To keep up the pace with Moore’s law, manufacturing technology nodes keep decreasing so much so that new issues of reliability, crosstalk, glitches, electromigration, and IR drop aware timing closures have been driving the design implementation methodologies. The need to partition the SoCs into manageable block sizes to be handled by EDA tools, exploit the compute resources, runtimes, and integration of these blocks back into the full-chip is a gigantic task. There are many integration issues seen at full-chip even though the standalone blocks are clean.

In this article, we will focus on one such case study to understand and share our learning that how a simple straight forward-looking block closure becomes vulnerable at full-chip once they are integrated into the top level. We faced a scenario where our block-level internal and interface timing were closed for all blocks. However, when we integrated all the clean blocks at the top level, one of the blocks failed in internal timing. There was one internal timing path from REG to SRAM which had hold violation. It’s an interesting learning of debugging and fixing. This paper majorly focuses on WHAT, WHY, and HOW to describe the entire learning process.

Problem Statement

A standalone block with positive slack for internal REG to SRAM timing path fails to meet timing for the same path once the block is integrated at the full-chip.
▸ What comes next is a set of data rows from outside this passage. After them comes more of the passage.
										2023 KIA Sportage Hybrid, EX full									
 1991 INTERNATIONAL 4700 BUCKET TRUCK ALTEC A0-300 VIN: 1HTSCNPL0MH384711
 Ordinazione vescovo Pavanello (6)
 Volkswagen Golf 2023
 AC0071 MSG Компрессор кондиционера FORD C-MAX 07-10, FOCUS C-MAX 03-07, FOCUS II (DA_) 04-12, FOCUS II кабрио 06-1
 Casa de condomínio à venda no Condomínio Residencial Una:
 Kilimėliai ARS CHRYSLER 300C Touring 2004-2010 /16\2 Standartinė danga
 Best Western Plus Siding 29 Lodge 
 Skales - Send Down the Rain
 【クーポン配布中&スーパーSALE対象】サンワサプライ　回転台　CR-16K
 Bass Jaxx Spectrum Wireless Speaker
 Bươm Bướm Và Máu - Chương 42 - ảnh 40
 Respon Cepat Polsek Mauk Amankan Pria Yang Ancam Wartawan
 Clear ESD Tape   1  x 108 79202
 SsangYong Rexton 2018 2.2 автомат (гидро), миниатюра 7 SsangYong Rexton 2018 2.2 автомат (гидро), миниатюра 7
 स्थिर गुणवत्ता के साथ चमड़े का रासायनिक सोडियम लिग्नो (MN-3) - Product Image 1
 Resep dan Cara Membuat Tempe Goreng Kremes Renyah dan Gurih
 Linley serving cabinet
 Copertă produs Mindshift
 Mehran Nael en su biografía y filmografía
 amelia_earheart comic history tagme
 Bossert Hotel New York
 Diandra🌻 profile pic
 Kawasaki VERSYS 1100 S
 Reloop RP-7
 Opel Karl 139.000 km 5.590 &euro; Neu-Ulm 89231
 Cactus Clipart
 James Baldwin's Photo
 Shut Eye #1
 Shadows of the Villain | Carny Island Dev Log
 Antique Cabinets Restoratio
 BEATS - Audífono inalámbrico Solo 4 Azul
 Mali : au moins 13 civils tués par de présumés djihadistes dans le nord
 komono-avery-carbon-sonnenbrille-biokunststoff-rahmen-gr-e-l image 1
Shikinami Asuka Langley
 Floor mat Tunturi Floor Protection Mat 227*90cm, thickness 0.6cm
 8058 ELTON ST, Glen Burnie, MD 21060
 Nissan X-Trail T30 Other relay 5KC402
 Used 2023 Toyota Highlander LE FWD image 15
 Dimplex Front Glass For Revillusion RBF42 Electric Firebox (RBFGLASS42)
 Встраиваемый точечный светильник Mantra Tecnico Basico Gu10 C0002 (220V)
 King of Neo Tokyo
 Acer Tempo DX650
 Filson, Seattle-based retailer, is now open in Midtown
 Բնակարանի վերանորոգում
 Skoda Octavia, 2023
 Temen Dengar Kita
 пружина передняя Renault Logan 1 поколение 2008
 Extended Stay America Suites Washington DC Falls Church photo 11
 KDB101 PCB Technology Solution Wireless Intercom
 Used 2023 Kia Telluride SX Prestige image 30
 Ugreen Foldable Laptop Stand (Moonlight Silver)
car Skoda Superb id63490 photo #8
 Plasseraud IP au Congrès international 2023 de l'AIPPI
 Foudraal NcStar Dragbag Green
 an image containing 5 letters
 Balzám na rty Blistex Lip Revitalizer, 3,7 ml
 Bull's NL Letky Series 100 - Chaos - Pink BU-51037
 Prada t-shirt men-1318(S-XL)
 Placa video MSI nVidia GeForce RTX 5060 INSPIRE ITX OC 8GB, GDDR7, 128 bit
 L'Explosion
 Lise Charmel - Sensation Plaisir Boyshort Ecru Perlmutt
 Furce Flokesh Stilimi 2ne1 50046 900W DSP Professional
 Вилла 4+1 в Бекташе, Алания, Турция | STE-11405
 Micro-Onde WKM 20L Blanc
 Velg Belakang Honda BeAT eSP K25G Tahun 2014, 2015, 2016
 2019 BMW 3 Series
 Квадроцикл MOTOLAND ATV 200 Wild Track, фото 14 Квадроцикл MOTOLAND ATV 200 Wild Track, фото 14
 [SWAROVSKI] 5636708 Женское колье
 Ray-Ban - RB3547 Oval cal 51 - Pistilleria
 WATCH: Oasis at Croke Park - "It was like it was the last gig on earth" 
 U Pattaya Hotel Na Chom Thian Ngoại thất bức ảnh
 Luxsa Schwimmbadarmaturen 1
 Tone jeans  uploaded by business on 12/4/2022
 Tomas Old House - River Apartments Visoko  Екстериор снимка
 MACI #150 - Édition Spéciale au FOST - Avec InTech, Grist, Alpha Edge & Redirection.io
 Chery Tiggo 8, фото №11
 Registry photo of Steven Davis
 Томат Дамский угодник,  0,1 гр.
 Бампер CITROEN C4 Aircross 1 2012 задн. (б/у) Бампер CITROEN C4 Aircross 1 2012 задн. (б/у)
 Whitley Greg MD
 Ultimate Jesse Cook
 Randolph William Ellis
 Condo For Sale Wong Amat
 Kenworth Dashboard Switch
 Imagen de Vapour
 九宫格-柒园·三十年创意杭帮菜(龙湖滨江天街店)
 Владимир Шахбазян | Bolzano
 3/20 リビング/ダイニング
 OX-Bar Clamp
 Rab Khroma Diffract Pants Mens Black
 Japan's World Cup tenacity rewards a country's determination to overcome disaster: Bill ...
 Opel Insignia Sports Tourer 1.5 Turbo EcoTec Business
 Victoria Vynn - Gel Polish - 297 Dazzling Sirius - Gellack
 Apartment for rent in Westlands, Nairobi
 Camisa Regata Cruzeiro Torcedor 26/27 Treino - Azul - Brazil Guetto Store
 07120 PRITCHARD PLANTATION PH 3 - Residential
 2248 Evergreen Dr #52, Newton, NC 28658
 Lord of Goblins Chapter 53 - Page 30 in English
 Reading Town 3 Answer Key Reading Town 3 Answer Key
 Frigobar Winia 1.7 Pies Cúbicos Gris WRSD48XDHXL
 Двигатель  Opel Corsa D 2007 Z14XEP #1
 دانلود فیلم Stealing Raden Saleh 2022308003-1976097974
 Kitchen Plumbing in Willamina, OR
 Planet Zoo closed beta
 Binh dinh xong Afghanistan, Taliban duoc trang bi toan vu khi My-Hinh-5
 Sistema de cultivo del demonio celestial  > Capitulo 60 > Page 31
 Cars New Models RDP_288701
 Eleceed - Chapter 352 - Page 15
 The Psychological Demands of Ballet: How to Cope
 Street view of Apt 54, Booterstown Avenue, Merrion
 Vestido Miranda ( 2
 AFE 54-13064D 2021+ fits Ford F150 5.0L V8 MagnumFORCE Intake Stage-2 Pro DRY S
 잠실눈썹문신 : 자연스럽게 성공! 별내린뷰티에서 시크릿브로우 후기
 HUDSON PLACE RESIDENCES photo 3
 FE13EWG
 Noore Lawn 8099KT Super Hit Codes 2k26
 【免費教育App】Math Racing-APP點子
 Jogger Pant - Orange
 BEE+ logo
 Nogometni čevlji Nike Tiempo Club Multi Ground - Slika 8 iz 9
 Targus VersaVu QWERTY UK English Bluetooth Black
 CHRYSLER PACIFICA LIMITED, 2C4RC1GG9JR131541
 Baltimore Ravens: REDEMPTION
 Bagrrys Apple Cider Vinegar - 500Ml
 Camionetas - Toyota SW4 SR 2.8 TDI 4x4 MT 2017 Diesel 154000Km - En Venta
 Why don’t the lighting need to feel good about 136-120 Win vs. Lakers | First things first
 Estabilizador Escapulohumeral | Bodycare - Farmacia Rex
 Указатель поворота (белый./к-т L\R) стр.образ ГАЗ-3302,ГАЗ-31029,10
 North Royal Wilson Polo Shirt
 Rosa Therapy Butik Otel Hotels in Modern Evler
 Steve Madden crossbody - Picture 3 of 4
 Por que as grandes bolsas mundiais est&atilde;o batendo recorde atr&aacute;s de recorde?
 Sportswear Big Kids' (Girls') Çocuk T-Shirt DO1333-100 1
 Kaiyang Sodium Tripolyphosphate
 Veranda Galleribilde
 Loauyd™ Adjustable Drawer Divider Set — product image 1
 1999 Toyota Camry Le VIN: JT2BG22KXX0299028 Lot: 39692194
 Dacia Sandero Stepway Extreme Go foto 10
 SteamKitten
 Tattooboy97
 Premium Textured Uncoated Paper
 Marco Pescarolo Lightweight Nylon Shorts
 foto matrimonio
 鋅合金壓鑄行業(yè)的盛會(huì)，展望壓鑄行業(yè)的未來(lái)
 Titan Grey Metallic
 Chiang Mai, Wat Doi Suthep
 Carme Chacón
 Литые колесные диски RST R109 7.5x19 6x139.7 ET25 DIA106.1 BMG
The path that was meeting by +7ps slack at block started violating at full-chip flat by -20ps slack.

Challenges

Our team was working on one of the multi-million gate SoCs and we had closed almost all the blocks in all metrics of physical verification and timing as well as reliability with acceptable quality.

The blocks were integrated at each netlist milestone, hierarchical timing runs were run regularly, and interface timing closure feedback to blocks was provided from time to time. This approach had given us high confidence on convergence and methodology that we were incorporating the block-level feedbacks into the full-chip and vice versa as well as flow/methodologies at every major milestone and we progressed well.

However, running full-chips flat is the only way to ensure that everything is fine and there are no outliers. But flat extraction and timing are computing and time-intensive, so the flat runs were kept intentionally limited. As luck would have it, we proved to be unlucky and the final run came up with one hold violation at the block level in full-chip context. The path was internal REG to SRAM violating by -20ps of slack.

We explored the possibility of waiving but since it was a hold violation, we decided not to risk but to fix the problem.

Brainstorming and Debugging

Here we go! Once we decided that it is a MUST FIX, it was time to do detailed brainstorming and debugging. The fixes are easy but identifying the problem and fixing it in the right location is the most difficult part.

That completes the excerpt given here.